## Problem to solve
In the entries below, find the line with "Ferienwohnung für 6" and the line with "London - Oktober". Print those two and everything between them exactly, and nothing else.

## Exercise inputs
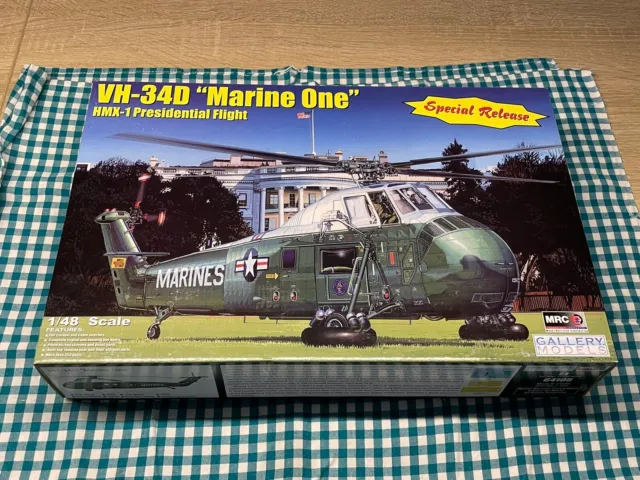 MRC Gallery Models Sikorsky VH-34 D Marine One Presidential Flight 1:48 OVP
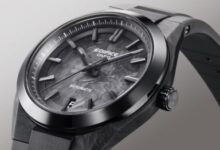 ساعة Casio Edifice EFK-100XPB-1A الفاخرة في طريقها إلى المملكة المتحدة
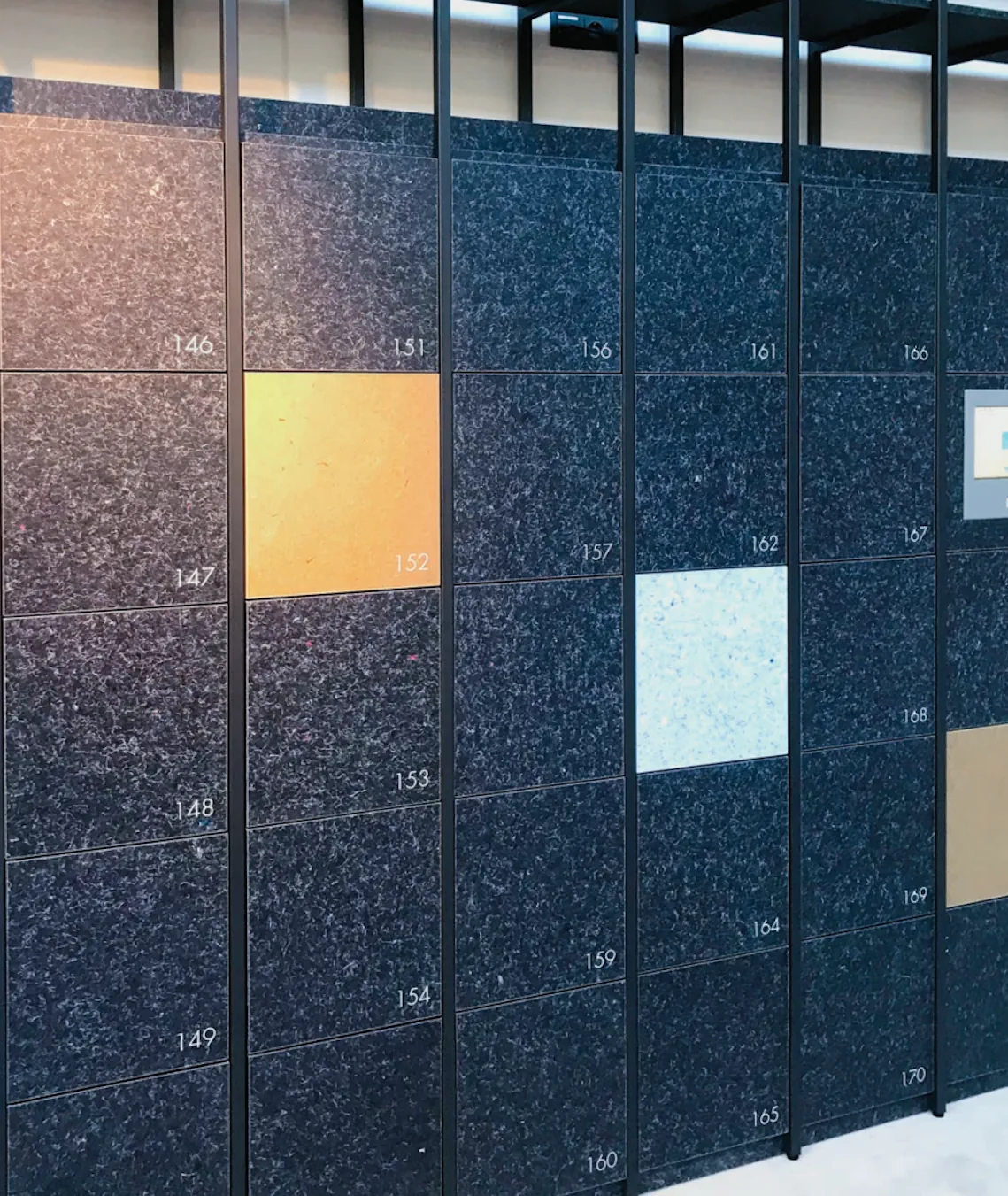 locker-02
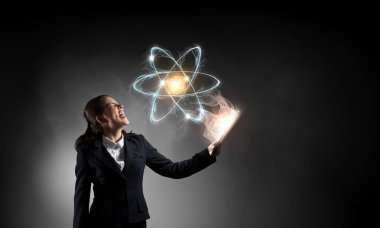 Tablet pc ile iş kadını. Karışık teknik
==
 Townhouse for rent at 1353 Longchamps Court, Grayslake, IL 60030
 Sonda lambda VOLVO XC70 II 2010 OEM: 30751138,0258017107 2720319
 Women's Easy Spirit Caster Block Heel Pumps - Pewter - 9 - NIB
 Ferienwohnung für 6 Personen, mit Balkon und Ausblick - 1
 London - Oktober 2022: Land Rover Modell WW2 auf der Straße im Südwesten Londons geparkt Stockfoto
==
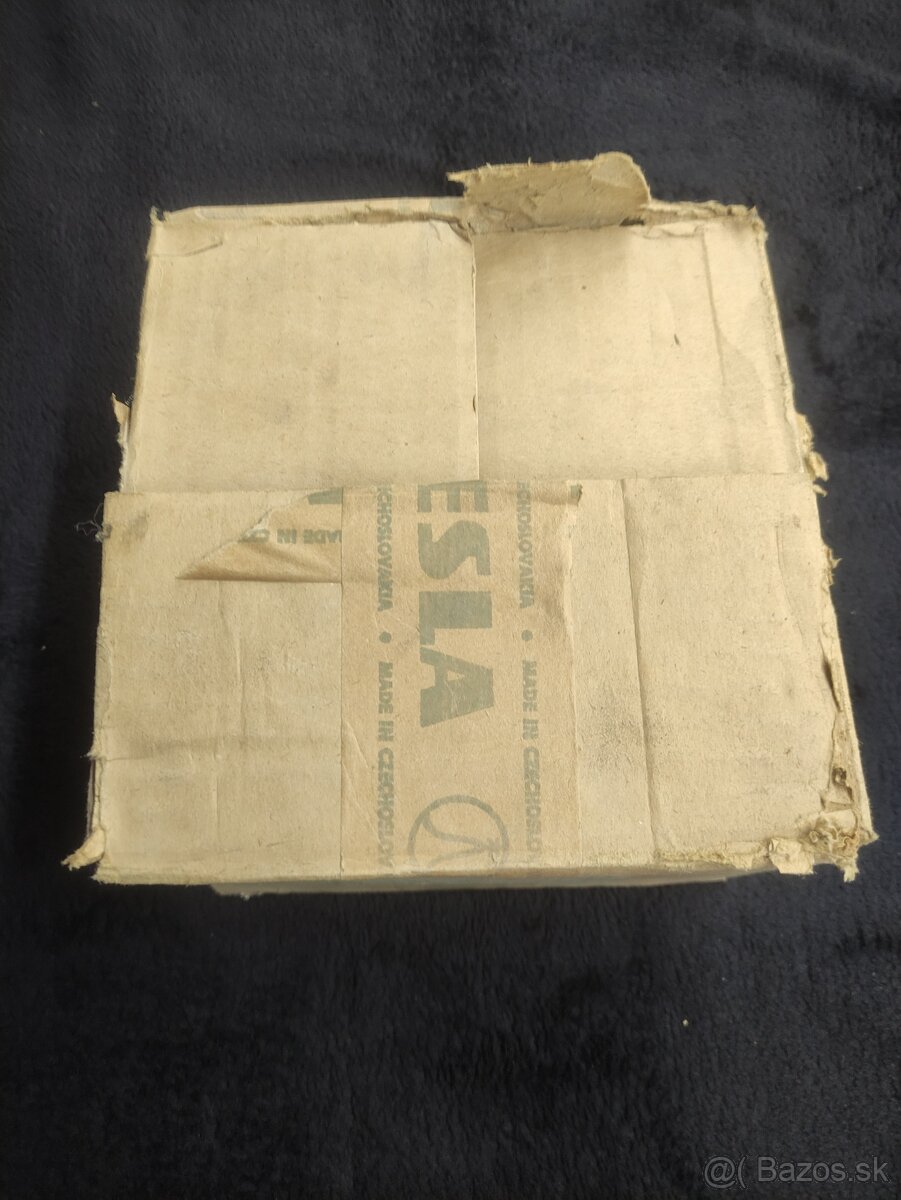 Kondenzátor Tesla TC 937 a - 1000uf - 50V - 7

## Completed task
 Ferienwohnung für 6 Personen, mit Balkon und Ausblick - 1
 London - Oktober 2022: Land Rover Modell WW2 auf der Straße im Südwesten Londons geparkt Stockfoto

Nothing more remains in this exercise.